The json formatted sstable:

{"key": "a",

 "cells": [["a:","",1445880794890189],
           ["a:c","a",1445880794890189],
           ["b:","",1445880802889147],
           ["b:c","a",1445880802889147],
           ["c:","",1445880808905308],
           ["c:c","a",1445880808905308],
           ["d:","",1445880813897010],
           ["d:c","a",1445880813897010]]},

{"key": "b",

 "cells": [["a:","",1445880819440662],
           ["a:c","a",1445880819440662],
           ["b:","",1445880828536178],
           ["b:c","a",1445880828536178],
           ["c:","",1445880833840070],
           ["c:c","a",1445880833840070],
           ["d:","",1445880839727743],
           ["d:c","a",1445880839727743]]}

6: Perform Delete operation on the data : Here the first three statements are ordinary column deletes and the fourth statement performs a delete of the complete row using a range tombstone.

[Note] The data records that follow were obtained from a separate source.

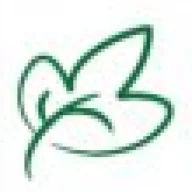 Bronst Charlotte Heilpraktikerin Logo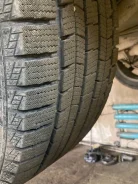 Streamstone SW705. ������, ��� �����, 2021 ���, �/�, ����� 10�% ����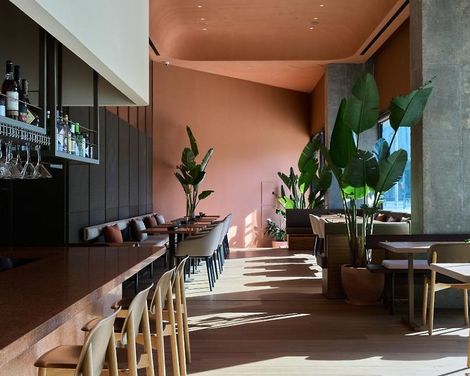 Barcelona Princess-4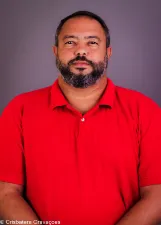 ANDRE BATISTA DE OLIVEIRA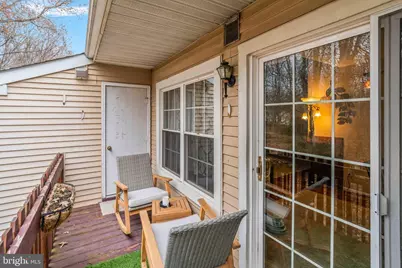 46 Woodbine Court, Horsham, PA 19044 - Photo 5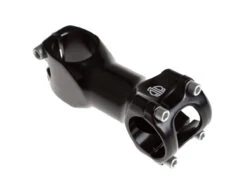 BLB A-Head OS Stem - Black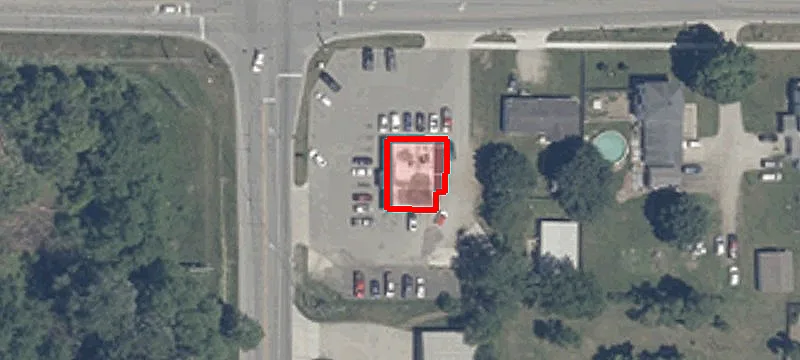 5385 State Rd 9th 9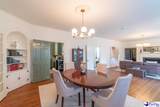 607 Third Street - Photo 27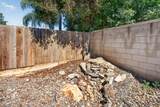 1983 Malvasia Court - Photo 36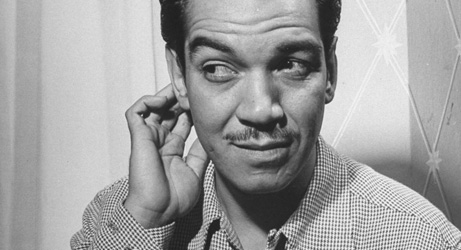 Cantinflas+2.jpg
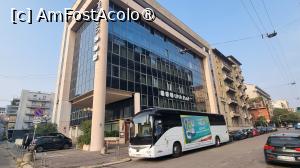 [P01] Una Hotel Scandinavia » foto by pepsi70ro
 - 
<span class="allrVoted glyphicon glyphicon-heart hidden" id="av1506074"></span>
<a class="m-l-10 hidden" id="sv1506074" onclick="voting_Foto_DelVot(,1506074,29175)" role="button">șterge vot <span class="glyphicon glyphicon-remove"></span></a>
<a id="v91506074" class=" c-red"  onclick="voting_Foto_SetVot(1506074)" role="button"><span class="glyphicon glyphicon-heart-empty"></span> <b>LIKE</b> = Votează poza</a> <img class="hidden"  id="f1506074W9" src="/imagini/loader.gif" border="0" /><span class="AjErrMes hidden" id="e1506074ErM"></span>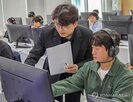 삼성,공채,일자리,창출,진행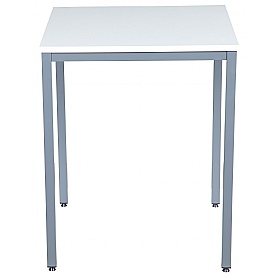 Horizon Square Flexi Tables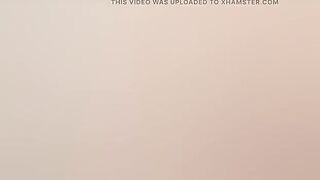 Large breasted mother I'd like to fuck Gets drilled hard on daybed with sextoy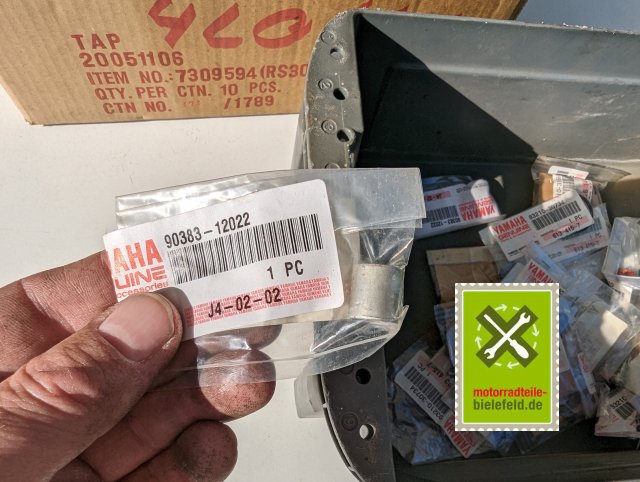 PXL_20240528_154043850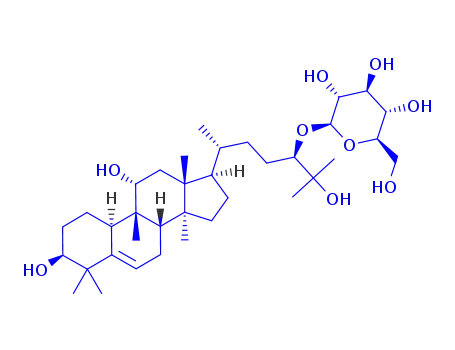 88901-46-6 Structure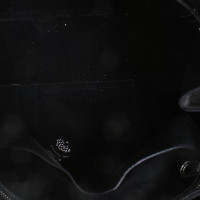 Mulberry "Bayswater Bag" in patent leather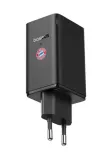 baseus-szybka-ladowarka-2xusb-c-2xusb-a-65w-pd-qc-gan6-pro-kabel-biala-marka-baseus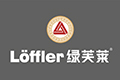 泰安绿芙莱建材有限公司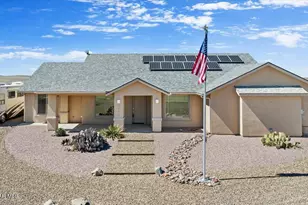 7030 E Autumn Ln, Prescott Valley, AZ 86315 - Photo 1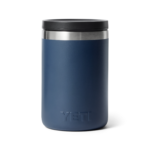 Yeti Rambler 16 OZ Food Jar - Thumbnail Image 11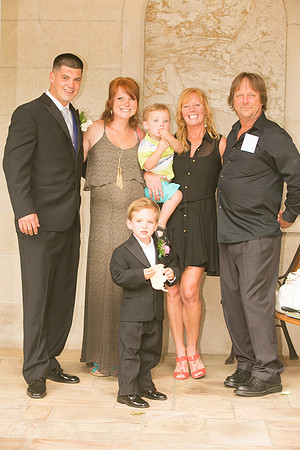 Rachael and Steve-306
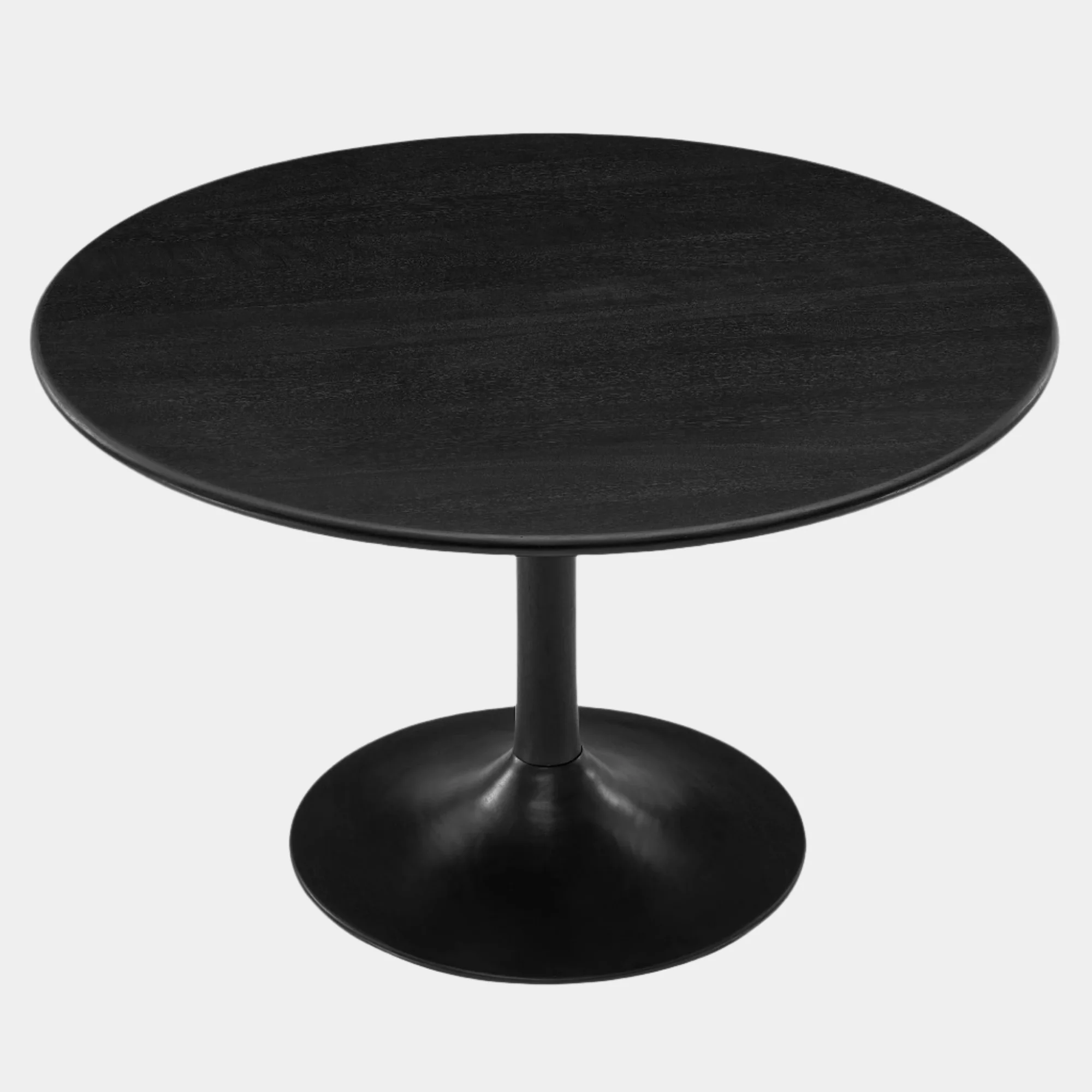 Product image 118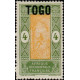 togo 103 **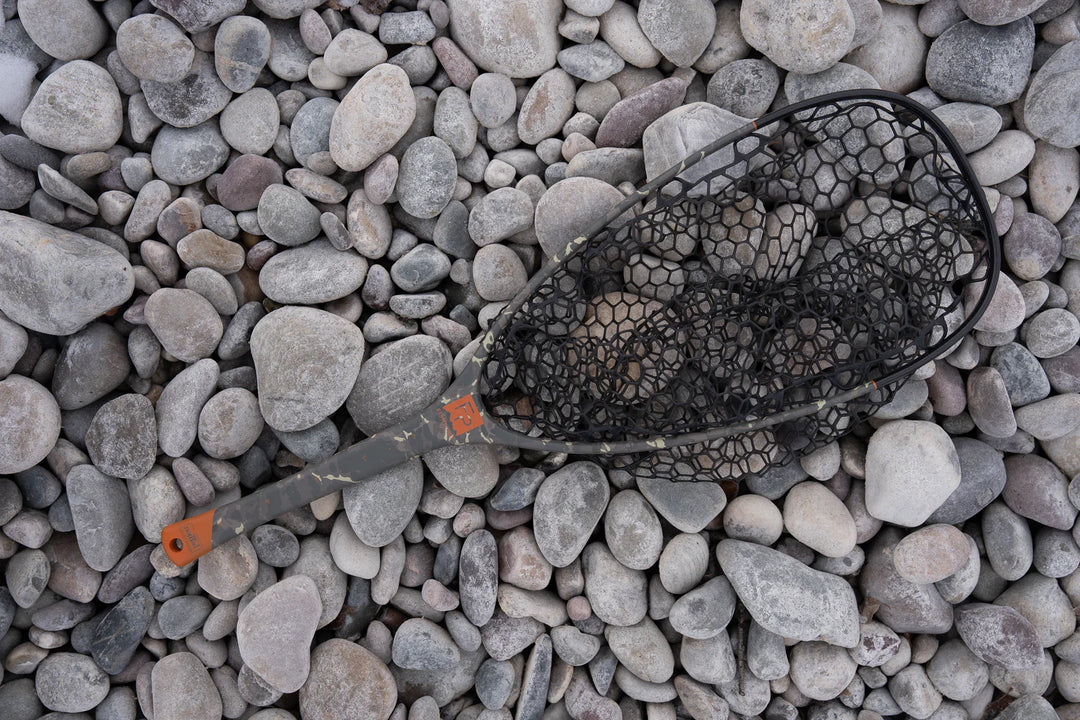 Fishpond Nomad Emerger Net 2.0
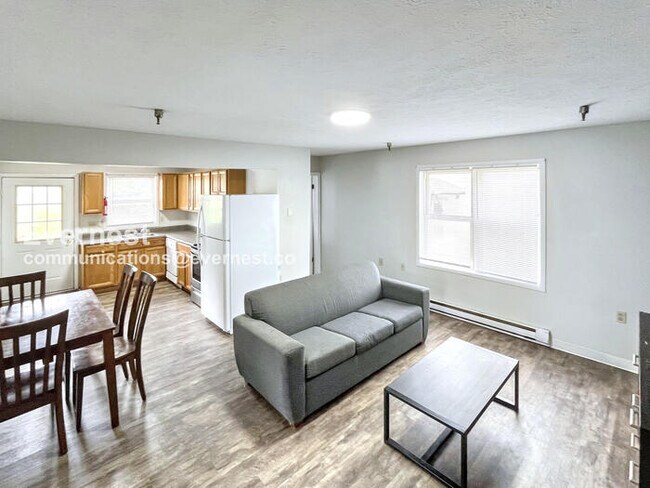 Photo - 212 Lower Consol Rd NW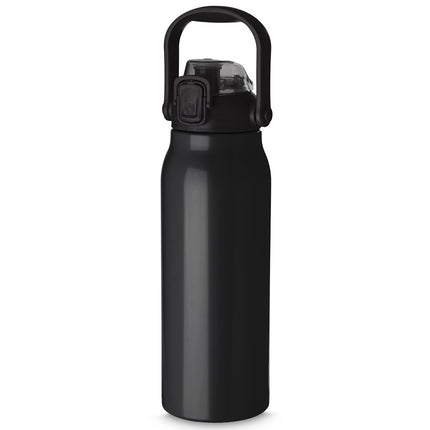 Garrafa Térmica 1.2L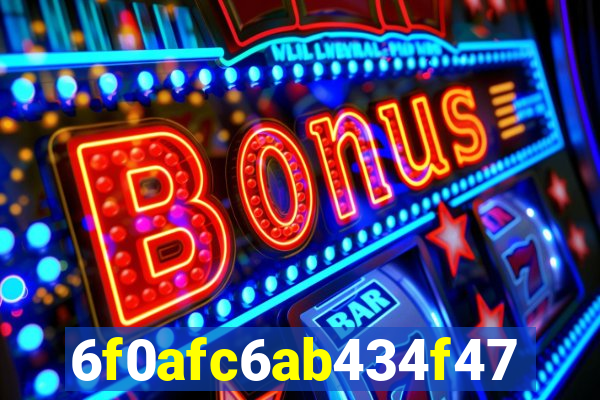6655bet com login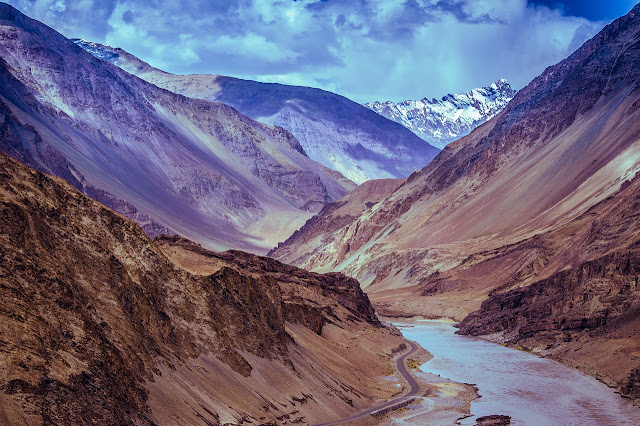 Interesting-facts-about-jammu-kashmir-ladakh-atozfacts-geography-facts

cqlsh> delete c from autogeneratedtest.test where a = 'a' AND b = 'a';
cqlsh> delete c from autogeneratedtest.test where a = 'a' AND b = 'b';
cqlsh> delete c from autogeneratedtest.test where a = 'a' AND b = 'c';
cqlsh> delete c from autogeneratedtest.test where a = 'a' AND b = 'd';
cqlsh> delete from autogeneratedtest.test WHERE a='b' ;

 a | b | c
---+---+------
 a | a | null
 a | b | null
 a | c | null
 a | d | null


7:Repeat the steps 4 and 5 

8: Compare the sstables after the delete operation is performed

{"key": "a",
 "cells": [["a:c",1445883190,1445883190723238,"d"]
           ["b:c",1445883196,1445883196743264,"d"],
           ["c:c",1445883202,1445883202431044,"d"],
           ["d:c",1445883208,1445883208774698,"d"]]},

{"key": "b",
 "metadata": {"deletionInfo": {"markedForDeleteAt":1445883214918032,"localDeletionTime":1445883214}},

 "cells": []}

As seen from the output of the sstables, the rows with key "b", do not have an individual tombstone for each cell, instead they have a single range tombstone.

Fewer tombstones yield faster reads and quicker, less expensive compactions.